En bref, c’est l’illégalisme au grand jour. Mais pas (encore) dans sa version communicationnelle-désobéissante « on le revendique pour les médias on s’affiche on a rien à se reprocher on est non-violent ». Dans une version spontanée et évidente qui ne s’embarrasse pas, pour l’instant (car les charognards communicants et politiciens sont en embuscades, et les tentatives se multiplient depuis la semaine du 11 au 18 avril, voir partie III/) de stratégie d’image.
Dans un goût de fête et de révolte.

Du coup, la fiction identitaire du « toto » ou de la « mouvance anarcho-autonome », cette construction policière surannée visant justement à coaguler dans une figure séparée d’ennemi intérieur des idées et des pratiques amenées à circuler massivement (construction dont l’effet pervers est de produire en retour des effets de milieux et de ghetto radical chez celleux tombant dans l’identification), est en train de se dissoudre dans le ras-le-bol général et l’adéquation théorico-pratique de ces idées et gestes à la guerre sans merci qui nous est faite.
Dans les gros cortèges comme dans les actions sauvages, nous n’avons jamais été aussi nombreuses à vouloir être incontrôlé-e-s. À ne plus nous reconnaître dans la misère existentielle et la répétition morbide des vieux slogans vides de sens.

 

III/ Le discours de dissociation s’effrite peu à peu au sein des organisations et de certains médias


C’était déjà perceptible lors de la manif lycéenne du 24 mars, où quelques médias mainstream n’avaient pas utilisé de l’artifice du « casseur-infiltré » mais rangé tous les manifestants sous le terme fourre-tout de « jeune » (encore une dissociation, certes, mais beaucoup plus subtile et moins paralysante). Les manifestations de la semaine du 5 au 11 avril l’ont confirmé : la couverture a globalement été positive dans beaucoup de médias mainstream. L’équation est simple : Nuit Debout = buzz = fait vendre du papier = il faut que Nuit Debout continue = il faut parler en bien de Nuit Debout = les manifs sauvages, partant de Nuit Debout, font un peu le buzz. Bien sûr on a retrouvé les « casseurs infiltrés » ou les « groupes de casseurs » ça et là mais de manière beaucoup moins caricaturale que d’habitude. Une des rares couvertures journalistiques un peu sérieuses de la manif du 9 avril (qui ne reprend pas la mauvaise dépêche AFP) restitue bien la relative cohésion, sinon la tolérance, au sein de l’ensemble du cortège.

 

Sur place, les AGs suivant le 9 avril ont exprimé à la fois des positions idéologiques non-violentes, mais également des discours très affirmés en faveur de la diversité des pratiques et de la réflexion stratégique sur les formes d’action : « je ne vois pas pourquoi on ne pourrait pas brûler une Autolib, avec tout ce qu’ils nous répriment, franchement ça fait de mal à personne ! » affirmait avec toute la candeur du monde une jeune fille le dimanche, déclenchant une certaine hilarité. En fait, sur place, au delà de la tendance citoyenne-centralisatrice, il existe une forte tendance supportant les actions directes incontrôlées allant jusqu’à la dégradation matérielle, une tendance qui refuse de se dissocier envers toutes les formes d’expression autre que les AGs-commissions.

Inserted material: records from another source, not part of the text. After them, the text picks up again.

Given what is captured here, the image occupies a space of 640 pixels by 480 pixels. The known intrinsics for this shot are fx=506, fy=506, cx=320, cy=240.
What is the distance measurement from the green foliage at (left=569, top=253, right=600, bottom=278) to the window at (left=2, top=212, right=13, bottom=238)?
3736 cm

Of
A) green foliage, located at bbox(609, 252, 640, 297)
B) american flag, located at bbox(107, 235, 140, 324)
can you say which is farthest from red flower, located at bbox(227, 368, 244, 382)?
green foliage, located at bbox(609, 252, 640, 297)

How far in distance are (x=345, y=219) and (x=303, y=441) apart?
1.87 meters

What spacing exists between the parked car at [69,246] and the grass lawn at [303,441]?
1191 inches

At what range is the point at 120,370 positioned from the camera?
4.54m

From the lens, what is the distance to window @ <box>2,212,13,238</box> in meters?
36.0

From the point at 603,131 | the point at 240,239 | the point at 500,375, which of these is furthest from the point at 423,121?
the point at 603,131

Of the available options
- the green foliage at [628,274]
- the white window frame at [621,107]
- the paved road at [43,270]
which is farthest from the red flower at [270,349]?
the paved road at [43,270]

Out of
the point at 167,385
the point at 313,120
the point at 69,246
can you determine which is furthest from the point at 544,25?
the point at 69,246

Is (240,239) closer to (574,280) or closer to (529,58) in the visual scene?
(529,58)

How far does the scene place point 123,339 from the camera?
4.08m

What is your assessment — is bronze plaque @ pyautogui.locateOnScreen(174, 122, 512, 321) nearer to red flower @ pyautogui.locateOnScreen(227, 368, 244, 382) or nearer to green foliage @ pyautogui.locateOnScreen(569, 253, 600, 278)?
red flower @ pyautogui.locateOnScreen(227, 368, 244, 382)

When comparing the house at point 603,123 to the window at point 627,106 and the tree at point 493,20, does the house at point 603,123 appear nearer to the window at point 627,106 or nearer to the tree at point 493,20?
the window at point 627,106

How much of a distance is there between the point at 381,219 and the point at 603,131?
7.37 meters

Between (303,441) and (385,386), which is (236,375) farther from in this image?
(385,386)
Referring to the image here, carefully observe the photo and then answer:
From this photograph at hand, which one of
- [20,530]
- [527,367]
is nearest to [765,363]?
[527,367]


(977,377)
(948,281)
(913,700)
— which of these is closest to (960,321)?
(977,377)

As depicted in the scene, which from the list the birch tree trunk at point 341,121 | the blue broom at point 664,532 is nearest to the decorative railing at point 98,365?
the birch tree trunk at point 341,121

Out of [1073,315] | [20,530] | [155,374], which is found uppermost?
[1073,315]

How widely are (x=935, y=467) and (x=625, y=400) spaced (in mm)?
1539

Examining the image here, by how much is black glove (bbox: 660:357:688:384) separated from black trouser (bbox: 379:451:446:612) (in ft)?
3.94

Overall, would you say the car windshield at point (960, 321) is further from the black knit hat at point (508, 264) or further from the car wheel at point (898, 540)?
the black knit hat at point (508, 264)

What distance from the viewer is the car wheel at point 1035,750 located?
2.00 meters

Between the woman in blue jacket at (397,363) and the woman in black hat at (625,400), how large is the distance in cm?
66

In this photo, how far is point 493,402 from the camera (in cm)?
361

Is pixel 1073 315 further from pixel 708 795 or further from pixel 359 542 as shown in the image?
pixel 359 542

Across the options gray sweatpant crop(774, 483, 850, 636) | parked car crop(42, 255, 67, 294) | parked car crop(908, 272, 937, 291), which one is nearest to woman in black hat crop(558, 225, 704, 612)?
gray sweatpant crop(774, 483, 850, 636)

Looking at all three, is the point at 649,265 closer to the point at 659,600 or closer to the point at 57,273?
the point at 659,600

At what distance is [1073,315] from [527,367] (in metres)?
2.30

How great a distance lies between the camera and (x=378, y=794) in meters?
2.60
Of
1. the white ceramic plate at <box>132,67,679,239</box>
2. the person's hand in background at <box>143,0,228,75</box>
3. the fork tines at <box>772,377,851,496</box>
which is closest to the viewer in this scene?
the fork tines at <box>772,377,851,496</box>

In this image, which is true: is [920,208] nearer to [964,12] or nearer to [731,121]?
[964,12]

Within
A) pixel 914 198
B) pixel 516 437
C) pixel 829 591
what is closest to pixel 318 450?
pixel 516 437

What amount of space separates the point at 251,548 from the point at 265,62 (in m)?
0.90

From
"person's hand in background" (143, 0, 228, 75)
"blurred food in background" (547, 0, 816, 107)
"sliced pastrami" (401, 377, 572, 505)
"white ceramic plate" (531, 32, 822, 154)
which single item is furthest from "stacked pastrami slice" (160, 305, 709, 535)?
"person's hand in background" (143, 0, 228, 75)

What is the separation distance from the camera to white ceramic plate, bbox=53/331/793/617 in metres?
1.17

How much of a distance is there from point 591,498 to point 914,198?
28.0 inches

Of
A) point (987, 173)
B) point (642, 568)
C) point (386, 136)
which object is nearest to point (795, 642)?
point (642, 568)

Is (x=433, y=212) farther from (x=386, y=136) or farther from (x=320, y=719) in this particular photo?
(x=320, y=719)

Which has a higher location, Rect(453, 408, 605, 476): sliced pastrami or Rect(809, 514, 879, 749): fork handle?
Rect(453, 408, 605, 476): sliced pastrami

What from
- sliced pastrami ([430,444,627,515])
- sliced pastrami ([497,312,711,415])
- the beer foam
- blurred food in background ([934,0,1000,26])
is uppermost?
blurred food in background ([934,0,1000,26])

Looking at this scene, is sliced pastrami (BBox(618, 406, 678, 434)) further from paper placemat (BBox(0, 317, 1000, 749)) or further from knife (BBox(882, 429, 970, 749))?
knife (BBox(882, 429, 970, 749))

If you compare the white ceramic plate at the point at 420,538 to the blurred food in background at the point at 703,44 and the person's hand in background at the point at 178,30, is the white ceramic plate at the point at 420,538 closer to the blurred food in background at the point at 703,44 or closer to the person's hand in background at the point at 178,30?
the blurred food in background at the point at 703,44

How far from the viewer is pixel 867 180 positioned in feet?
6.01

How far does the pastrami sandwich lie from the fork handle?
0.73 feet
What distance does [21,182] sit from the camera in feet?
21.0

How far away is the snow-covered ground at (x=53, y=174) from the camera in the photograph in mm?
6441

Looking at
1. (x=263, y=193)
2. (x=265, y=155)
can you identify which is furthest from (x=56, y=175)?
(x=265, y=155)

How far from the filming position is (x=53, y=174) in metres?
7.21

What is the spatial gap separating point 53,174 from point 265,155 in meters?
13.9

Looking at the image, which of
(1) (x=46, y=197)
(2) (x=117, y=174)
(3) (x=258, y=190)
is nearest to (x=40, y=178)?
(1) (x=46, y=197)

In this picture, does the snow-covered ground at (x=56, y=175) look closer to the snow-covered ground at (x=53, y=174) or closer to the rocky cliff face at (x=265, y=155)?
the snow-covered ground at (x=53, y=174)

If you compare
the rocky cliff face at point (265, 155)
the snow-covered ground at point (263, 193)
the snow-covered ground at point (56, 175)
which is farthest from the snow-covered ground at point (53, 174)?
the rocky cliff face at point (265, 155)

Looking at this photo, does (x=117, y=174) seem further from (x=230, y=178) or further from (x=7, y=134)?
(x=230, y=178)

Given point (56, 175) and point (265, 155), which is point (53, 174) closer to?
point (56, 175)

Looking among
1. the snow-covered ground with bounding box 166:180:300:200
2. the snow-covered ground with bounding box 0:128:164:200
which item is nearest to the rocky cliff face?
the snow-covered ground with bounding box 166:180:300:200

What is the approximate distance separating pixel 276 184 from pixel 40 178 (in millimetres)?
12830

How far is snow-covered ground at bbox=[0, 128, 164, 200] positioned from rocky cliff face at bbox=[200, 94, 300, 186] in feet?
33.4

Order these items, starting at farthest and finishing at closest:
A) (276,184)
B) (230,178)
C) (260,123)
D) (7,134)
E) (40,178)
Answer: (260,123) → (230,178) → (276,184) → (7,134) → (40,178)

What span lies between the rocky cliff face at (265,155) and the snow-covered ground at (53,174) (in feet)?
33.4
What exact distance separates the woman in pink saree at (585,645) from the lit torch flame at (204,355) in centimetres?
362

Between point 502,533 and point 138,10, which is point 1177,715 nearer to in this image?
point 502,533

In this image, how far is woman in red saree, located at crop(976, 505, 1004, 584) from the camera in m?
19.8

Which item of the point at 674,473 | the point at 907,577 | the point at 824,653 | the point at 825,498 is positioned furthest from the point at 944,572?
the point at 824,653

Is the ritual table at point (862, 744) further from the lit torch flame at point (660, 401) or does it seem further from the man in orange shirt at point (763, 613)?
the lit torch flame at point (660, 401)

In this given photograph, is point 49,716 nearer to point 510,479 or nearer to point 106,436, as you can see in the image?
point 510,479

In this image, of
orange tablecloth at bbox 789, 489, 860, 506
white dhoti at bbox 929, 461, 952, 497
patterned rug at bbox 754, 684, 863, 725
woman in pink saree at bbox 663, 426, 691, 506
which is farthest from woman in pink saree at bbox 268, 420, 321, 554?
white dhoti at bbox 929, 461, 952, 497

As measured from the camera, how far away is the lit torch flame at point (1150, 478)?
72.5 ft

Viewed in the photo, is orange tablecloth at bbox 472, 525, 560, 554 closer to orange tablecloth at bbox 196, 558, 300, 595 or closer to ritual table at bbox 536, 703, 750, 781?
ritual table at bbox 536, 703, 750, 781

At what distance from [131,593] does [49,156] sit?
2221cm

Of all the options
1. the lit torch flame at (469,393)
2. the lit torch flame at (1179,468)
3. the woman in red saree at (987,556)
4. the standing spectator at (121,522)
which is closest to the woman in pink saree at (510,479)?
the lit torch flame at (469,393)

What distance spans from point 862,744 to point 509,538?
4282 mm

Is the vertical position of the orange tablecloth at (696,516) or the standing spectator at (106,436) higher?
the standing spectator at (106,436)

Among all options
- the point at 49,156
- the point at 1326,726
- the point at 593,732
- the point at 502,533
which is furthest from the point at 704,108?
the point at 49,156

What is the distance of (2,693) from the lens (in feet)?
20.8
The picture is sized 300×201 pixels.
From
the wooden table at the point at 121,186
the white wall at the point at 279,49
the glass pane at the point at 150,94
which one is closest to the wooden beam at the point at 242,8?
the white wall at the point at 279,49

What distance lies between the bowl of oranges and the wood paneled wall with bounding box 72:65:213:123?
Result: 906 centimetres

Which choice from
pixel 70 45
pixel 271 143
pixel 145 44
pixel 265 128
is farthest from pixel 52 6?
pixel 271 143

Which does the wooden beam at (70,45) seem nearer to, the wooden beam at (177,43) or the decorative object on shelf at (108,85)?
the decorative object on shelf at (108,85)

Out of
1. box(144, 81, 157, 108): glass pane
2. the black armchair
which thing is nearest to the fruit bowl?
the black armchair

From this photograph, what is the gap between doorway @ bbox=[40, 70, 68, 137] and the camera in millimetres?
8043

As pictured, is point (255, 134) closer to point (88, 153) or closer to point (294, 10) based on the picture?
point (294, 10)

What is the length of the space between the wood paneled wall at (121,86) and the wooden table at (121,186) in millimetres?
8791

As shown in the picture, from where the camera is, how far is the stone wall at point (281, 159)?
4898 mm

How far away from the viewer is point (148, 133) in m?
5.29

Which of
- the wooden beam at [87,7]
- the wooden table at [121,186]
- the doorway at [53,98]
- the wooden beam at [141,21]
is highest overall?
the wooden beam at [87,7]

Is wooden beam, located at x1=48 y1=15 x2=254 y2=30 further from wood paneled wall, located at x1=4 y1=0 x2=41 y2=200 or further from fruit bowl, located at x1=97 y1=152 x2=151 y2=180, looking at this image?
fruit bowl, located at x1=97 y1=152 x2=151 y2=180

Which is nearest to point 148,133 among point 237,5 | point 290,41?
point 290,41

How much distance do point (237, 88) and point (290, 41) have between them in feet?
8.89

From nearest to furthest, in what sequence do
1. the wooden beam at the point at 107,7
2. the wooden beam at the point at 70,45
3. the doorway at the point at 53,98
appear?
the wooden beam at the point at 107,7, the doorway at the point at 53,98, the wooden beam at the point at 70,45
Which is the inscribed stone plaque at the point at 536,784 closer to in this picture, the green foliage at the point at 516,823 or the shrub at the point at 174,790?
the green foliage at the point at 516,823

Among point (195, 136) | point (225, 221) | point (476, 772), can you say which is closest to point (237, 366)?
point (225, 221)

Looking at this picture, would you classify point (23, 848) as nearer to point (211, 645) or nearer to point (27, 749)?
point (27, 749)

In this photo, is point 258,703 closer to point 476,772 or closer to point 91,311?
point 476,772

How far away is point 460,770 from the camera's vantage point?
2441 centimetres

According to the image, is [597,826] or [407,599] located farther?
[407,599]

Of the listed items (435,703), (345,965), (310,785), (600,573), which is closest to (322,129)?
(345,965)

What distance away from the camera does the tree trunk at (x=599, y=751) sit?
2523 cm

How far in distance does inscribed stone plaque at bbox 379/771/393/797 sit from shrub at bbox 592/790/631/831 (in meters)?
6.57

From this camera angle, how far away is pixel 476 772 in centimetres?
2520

Toutefois, la semaine du 11 au 18 avril a vu les communiquant autoproclamés de Nuit Debout (groupe presse, agence de communication Raiz tenue par des communicants professionnels ou d’anciens de la Coordination Étudiante et de la CFDT), tenter de reprendre « l’image citoyenne » en main en distillant des éléments de dissociation-extériorisation des manifestations incontrôlées : « ce sont des casseurs/des personnes alcoolisées non politisées », « ils n’ont rien à voir avec la Nuit Debout » a-t-on pu lire dans Libé et ailleurs. Puis avec une offensive de communication autour d’actions désobéissantes scénarisées lancées notamment par Julien Bayou, porte-parole d’EELV et désobéissant multicarte, histoire de ramener les actions incontrôlées dans la veine de la désobéissance civile non-violente, sa communication hyper-contrôlée et ses idéologues. Fort heureusement, il semblerait que de nombreuses personnes sur place soient écœurées de ces tentatives de prise de pouvoir et commencent à le soulever en AG, ou par des articles interposés.

 

Les idéologues et communicants du citoyennisme cherchent à reproduire les modes d’actions catégoriels mimant la traduction bureaucratique syndicale actuelle de la lutte des classes (comme les étudiantes et les lycéens), avec ses propositions de revendications claires, son « service d’ordre », son appel au pacifisme, bref son contrôle disciplinaire de la diversité des pratiques du prolétariat auto-organisé ? Ils devraient pourtant écouter la prise de position de la Coordination Nationale Étudiante qui « a décidé de ne pas se dissocier de ceux que vous appeler des casseurs », affirmé à la fois sur ITelé et en AG.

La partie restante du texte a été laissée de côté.